What was I missing? Oh yeah, I lacked clarity and probably the ability to make good life choices.Ugh!

After coming to zero conclusions about my true motivation, I turned away from the mirror and grabbed a pair of black leggings and an oversized cashmere sweater in Cade’s favorite shade of blue from the pile on the floor and put them on. I might as well be comfortable in a situation that had plenty of potential to get uncomfortable. I found my boots and purse, slipped into my coat, and headed out for Cade’s place. Gwen had been nice enough to drop off her welcome home Marry-Me Brownies, so I was good to go.

It had dumped snow all night so the drive up to his place was precarious and took forever, but since I grew up here, I did just fine. I only crashed the other day because I was out of my damn mind with fear and forced to go too fast. I knew these roads like the back of my hand; after all, this used to be my house, too.

The Ponderosa pine stood like a sentry guarding the turn-off that led up to Cade’s property. I remembered back when we chose this place. The house was run-down, in need of a lot of repairs. Cade’s dad, Ben, who was not only the Chief of the Sweetbriar Police Department but also a major home renovation addict, encouraged us to take it. With his help, Cade and I transformed our little house into a three-bedroom, two-bathroom home, cozy and cute. Perfect for starting the family Cade was so eager to have. I wanted a family too, but I wanted other things first.

Why is it okay for men to do things while women get to be things? Why is it acceptable for a man to be a husband and a father while also chasing his goals and ambitions? Whereas I was the bad guy for wanting more? I could be pretty and sweet, a wife and a mom, and that was fine and good—yay Charlotte. But the second I wanted to do something else along with it, like write books or have a career then it’s all about how no one can have it all...

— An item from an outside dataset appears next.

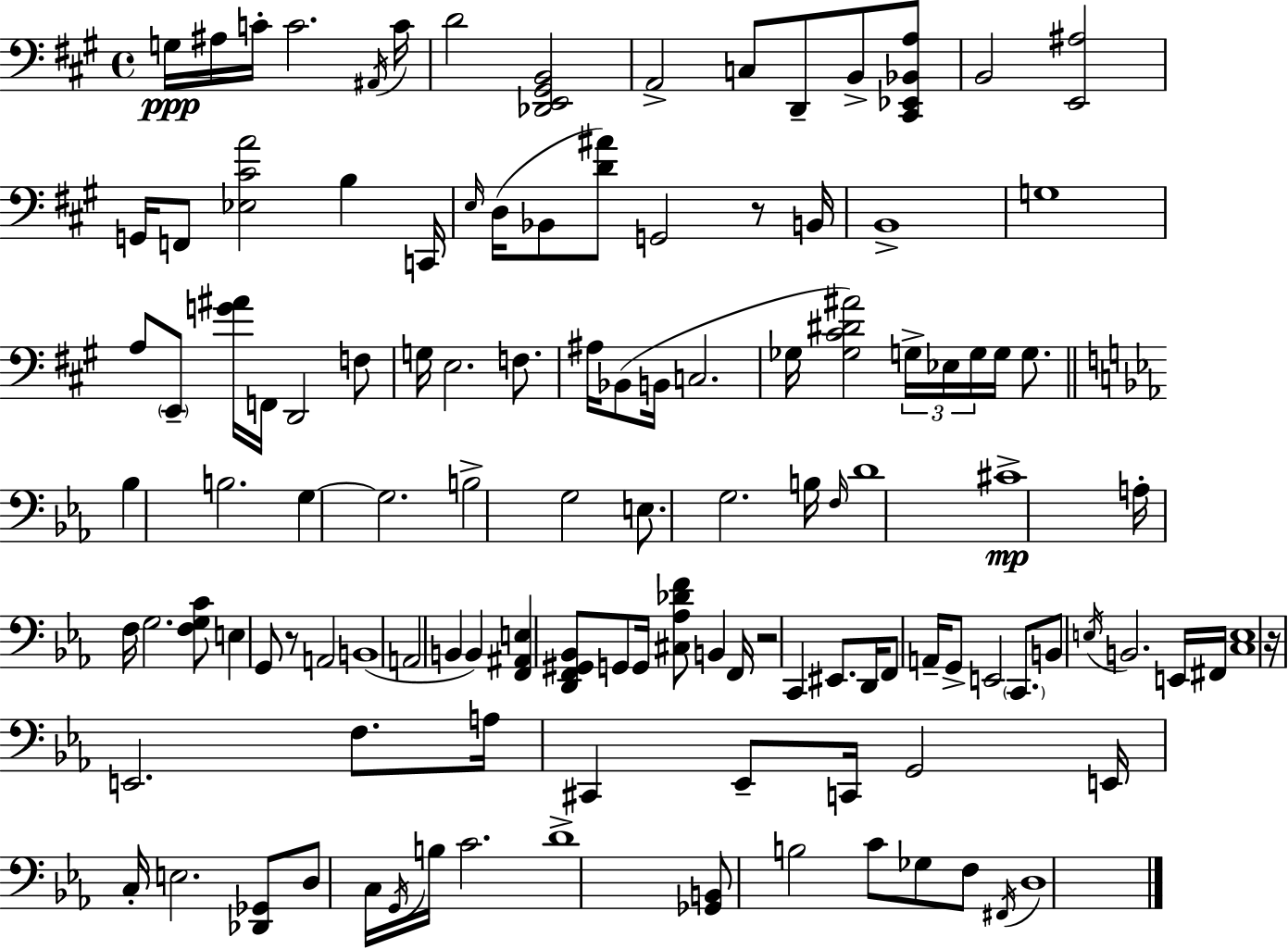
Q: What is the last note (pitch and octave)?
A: D3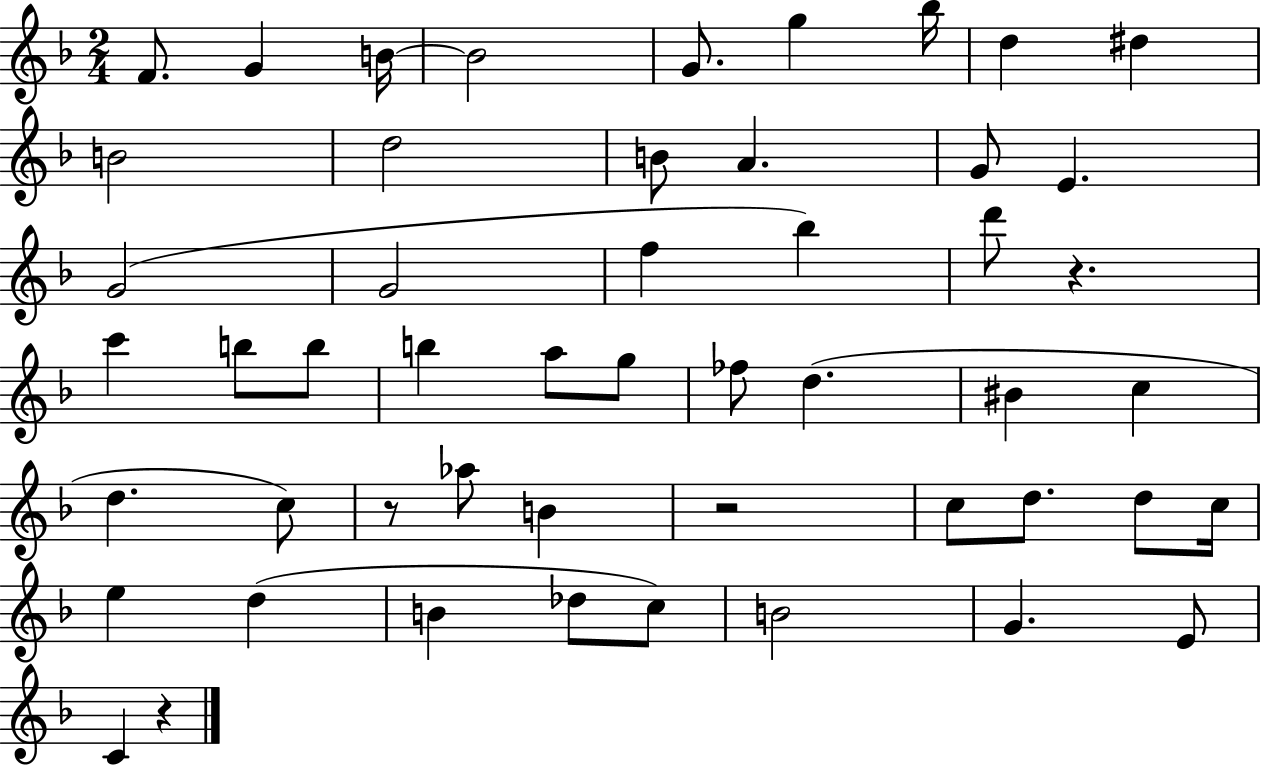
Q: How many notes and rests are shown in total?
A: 51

I shook my head. I’d made my choice. Living with it sucked sometimes, but I wouldn’t change anything.

Why hadn’t he found someone else to help him build the life he had wished for? He had been so adamant about what he needed for his future. He wanted to be married young, have kids right away, and serve Sweetbriar while working toward taking over as Chief of Police from his dad.

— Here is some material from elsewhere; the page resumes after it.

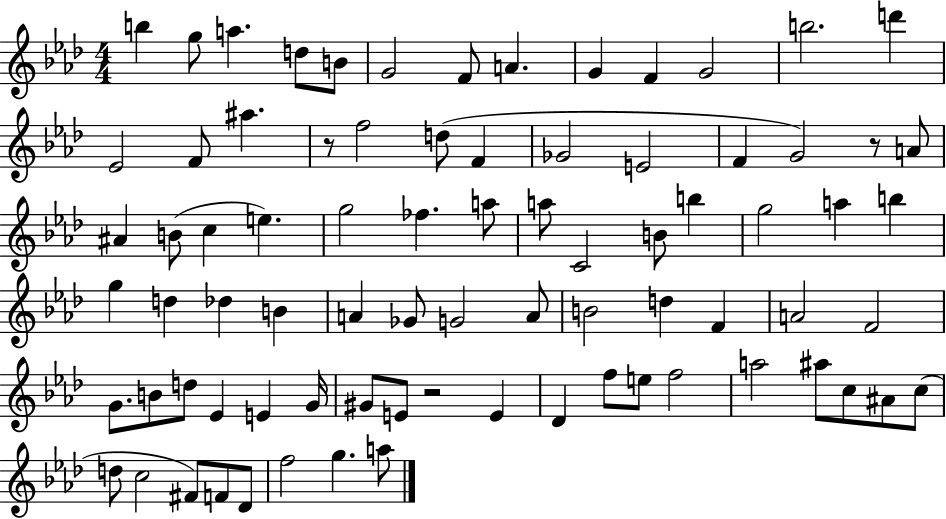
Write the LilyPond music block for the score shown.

Cade was a good man. He was sweet and romantic. Loving and kind. The type of man any woman would be lucky to have. But none of his dreams had come true. He lived here alone. I pulled up into the driveway and came to a stop. He had shoveled the walkway, making it easy for me to get to the front door. I added considerate to the list of qualities that made Cade a catch.

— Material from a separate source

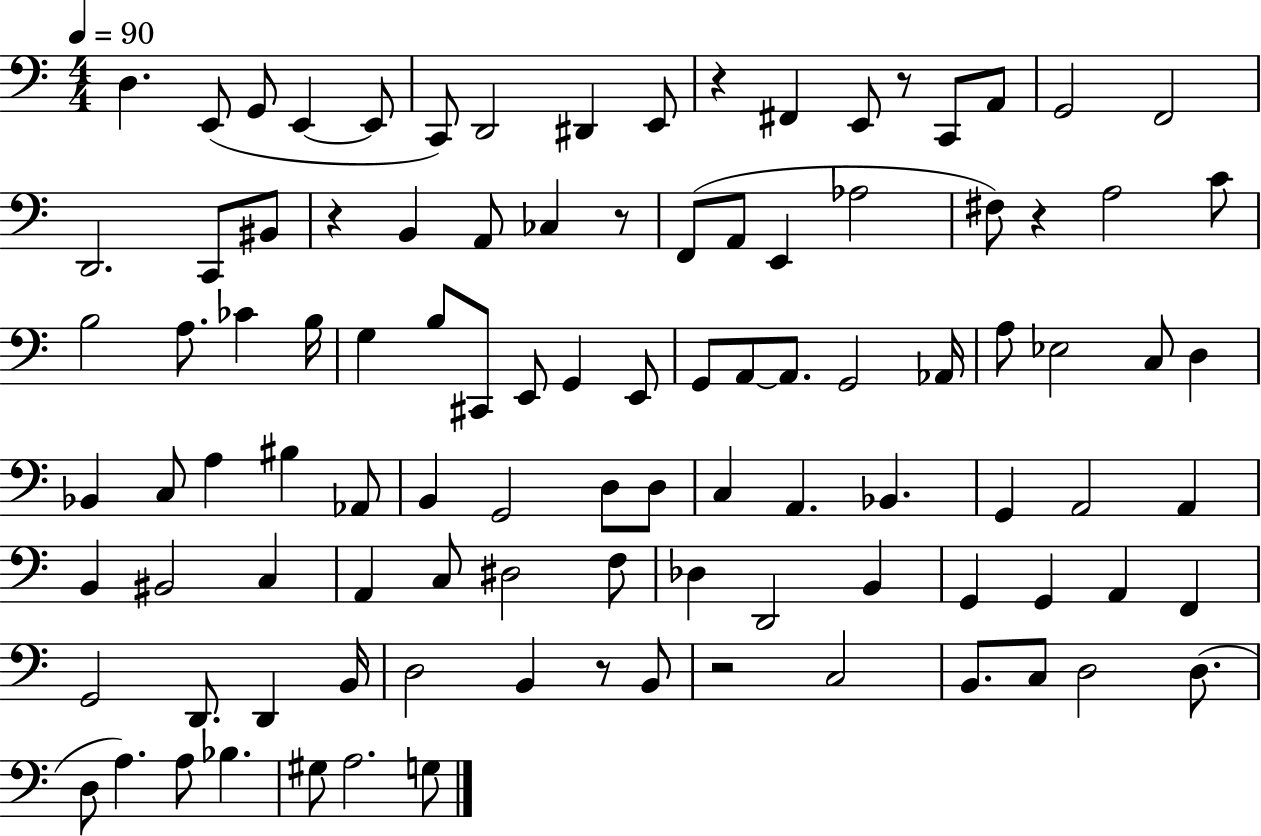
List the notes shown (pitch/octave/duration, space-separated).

D3/q. E2/e G2/e E2/q E2/e C2/e D2/h D#2/q E2/e R/q F#2/q E2/e R/e C2/e A2/e G2/h F2/h D2/h. C2/e BIS2/e R/q B2/q A2/e CES3/q R/e F2/e A2/e E2/q Ab3/h F#3/e R/q A3/h C4/e B3/h A3/e. CES4/q B3/s G3/q B3/e C#2/e E2/e G2/q E2/e G2/e A2/e A2/e. G2/h Ab2/s A3/e Eb3/h C3/e D3/q Bb2/q C3/e A3/q BIS3/q Ab2/e B2/q G2/h D3/e D3/e C3/q A2/q. Bb2/q. G2/q A2/h A2/q B2/q BIS2/h C3/q A2/q C3/e D#3/h F3/e Db3/q D2/h B2/q G2/q G2/q A2/q F2/q G2/h D2/e. D2/q B2/s D3/h B2/q R/e B2/e R/h C3/h B2/e. C3/e D3/h D3/e. D3/e A3/q. A3/e Bb3/q. G#3/e A3/h. G3/e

My boots crunched over the path toward the porch. Time seemed to go backward with every step I took. I remembered days when I’d come home from work, and how if Cade was off or had an early shift, he would always cook dinner. We’d eat together, talking about life, and our days, and our plans for the future. But the hope that he’d reconsider and go with me to New York so I could use my scholarship had always been in the back of my mind.

My mood changed from excitement to something I’d never felt before. I wished I were standing here under different circumstances. I didn’t regret my choices; I just wished I never had to make them.

I knocked and held my breath as his footsteps grew closer to the door, and exhaled in an anxious rush as he opened it.